The input:
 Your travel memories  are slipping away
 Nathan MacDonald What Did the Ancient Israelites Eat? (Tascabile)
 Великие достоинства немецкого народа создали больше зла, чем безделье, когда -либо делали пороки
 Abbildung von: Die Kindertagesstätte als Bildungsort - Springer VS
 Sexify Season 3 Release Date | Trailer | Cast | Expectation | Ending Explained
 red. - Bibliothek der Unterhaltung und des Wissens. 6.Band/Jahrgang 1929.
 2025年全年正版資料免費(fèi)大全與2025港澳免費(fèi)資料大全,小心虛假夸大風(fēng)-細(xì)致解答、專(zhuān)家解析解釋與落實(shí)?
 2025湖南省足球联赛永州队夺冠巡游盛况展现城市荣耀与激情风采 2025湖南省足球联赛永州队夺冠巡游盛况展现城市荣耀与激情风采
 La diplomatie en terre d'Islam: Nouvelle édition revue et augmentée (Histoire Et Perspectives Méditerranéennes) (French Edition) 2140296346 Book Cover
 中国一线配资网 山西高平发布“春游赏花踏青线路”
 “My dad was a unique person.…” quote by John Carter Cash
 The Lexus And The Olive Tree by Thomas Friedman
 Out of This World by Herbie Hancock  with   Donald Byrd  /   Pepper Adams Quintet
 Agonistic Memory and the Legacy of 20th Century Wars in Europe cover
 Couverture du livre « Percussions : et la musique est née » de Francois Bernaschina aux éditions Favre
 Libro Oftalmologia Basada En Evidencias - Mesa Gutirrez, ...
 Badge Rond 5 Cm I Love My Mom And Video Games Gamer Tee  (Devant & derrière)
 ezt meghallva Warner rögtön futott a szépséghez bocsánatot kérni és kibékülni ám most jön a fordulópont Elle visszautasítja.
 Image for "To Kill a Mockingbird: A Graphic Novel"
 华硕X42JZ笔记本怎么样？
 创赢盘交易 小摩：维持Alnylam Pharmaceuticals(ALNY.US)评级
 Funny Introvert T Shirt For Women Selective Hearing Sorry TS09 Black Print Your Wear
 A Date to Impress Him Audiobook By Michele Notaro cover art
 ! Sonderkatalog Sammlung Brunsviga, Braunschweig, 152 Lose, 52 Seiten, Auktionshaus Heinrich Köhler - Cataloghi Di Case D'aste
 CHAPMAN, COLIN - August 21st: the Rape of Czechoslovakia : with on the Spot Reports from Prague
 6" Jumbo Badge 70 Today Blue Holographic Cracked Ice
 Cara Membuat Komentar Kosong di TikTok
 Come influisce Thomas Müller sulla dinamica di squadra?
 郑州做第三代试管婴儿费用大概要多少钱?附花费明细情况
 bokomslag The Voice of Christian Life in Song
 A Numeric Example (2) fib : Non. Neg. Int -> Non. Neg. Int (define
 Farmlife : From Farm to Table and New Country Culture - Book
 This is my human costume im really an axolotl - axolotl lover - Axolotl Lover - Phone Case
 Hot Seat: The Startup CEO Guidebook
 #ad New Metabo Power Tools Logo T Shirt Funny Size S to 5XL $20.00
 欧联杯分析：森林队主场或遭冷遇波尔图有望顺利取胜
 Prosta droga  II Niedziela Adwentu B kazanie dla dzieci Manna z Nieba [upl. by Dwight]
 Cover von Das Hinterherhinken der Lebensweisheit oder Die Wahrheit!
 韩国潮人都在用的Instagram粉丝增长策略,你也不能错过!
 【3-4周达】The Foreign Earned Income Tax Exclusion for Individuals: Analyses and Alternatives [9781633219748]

What to do: Return the lines above, starting at the one that contains "Farmlife : From" and running through the last, exactly as they appear, with no extra lines.

Reply to the exercise:
 Farmlife : From Farm to Table and New Country Culture - Book
 This is my human costume im really an axolotl - axolotl lover - Axolotl Lover - Phone Case
 Hot Seat: The Startup CEO Guidebook
 #ad New Metabo Power Tools Logo T Shirt Funny Size S to 5XL $20.00
 欧联杯分析：森林队主场或遭冷遇波尔图有望顺利取胜
 Prosta droga  II Niedziela Adwentu B kazanie dla dzieci Manna z Nieba [upl. by Dwight]
 Cover von Das Hinterherhinken der Lebensweisheit oder Die Wahrheit!
 韩国潮人都在用的Instagram粉丝增长策略,你也不能错过!
 【3-4周达】The Foreign Earned Income Tax Exclusion for Individuals: Analyses and Alternatives [9781633219748]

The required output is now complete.